In its external features the new phenomenon was exceedingly like what is still seen in the East in every zikr of dervishes—the enthusiasm of the prophets expressed itself in no artificial form, but in a way natural to the Oriental temperament. Processions with pipe and hand-drum, such as that described in 1 Sam. x., were indeed a customary part of ordinary religious feasts; but there they were an outlet for natural merriment, here they have changed their character to express an emotion more sombre and more intense, by which the prophets, and often mere chance spectators too, were so overpowered that they

  1. According to Plato (Timaeus, p. 72) the name προφήτης ought properly to be confined to the interpreters employed to put an intelligible sense on the dreams, visions, or enigmatic utterances of the frenzied μάντις. But in ordinary Greek usage the prophet of any god is in general any human instrument through whom the god declares himself; and the tendency was “to reserve the name for unconscious interpreters of the divine thought, and for the ministers of the oracles in general” (Bouché-Leclercq, Hist. de la divination, 1880, ii. 11). This probably facilitated the adoption of the term by the Hellenists of Alexandria, for, when Philo distinguishes the prophet from the spurious diviner by saying that the latter applies his own inferences to omens and the like while the true prophet, rapt in ecstasy, speaks nothing of his own, but simply repeats what is given to him by a revelation in which his reason has no part (ed. Mangey, ii. 321 seq., 343; cf. i. 510 seq.), he follows the prevalent notion of the later Jews, at least in so far as he makes the function of the prophet that of purely mechanical reproduction; cf. John xi. 51, and the whole view of revelation presupposed in the Apocalyptic literature. But in any case the Greek language hardly offered another word for an organ of revelation so colourless as προφήτης, while the condition of etymology among the ancients made it possible to interpret it as having a special reference to prediction (so Eusebius, Dem. Ev. v., deriving it from προφαίνω).

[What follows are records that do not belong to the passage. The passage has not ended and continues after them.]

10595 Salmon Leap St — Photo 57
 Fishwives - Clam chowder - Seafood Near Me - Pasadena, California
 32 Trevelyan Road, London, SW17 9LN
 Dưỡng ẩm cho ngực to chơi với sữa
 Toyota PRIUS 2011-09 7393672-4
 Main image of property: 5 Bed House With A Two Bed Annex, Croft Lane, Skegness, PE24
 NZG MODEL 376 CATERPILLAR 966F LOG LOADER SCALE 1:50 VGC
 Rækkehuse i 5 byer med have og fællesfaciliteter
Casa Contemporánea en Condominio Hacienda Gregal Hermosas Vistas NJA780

  2. 1 Sam. x. 5 seq., xix. 20 seq. In the latter passage read “they saw the fervour of the prophets as they prophesied, &c.” (see Hoffmann in Stade's Zeitschr. 1883, p. 89), after the Syriac.
  3. Hoffmann, ut supra, p. 92 seq. Rōeh, however, occurs very rarely in early, i.e. pre-exilian, Hebrew, viz. in 1 Sam. ix. 9, Isa. xxx. 10. We have several in the late literature of Chronicles. Accordingly we lack the materials for determining the distinction which probably existed between the rōeh, the ḥōzeh and the ḳōsēm. Cheyne, art. “Prophetic Literature” in Ency. Bib., col. 3858, appears to identify them.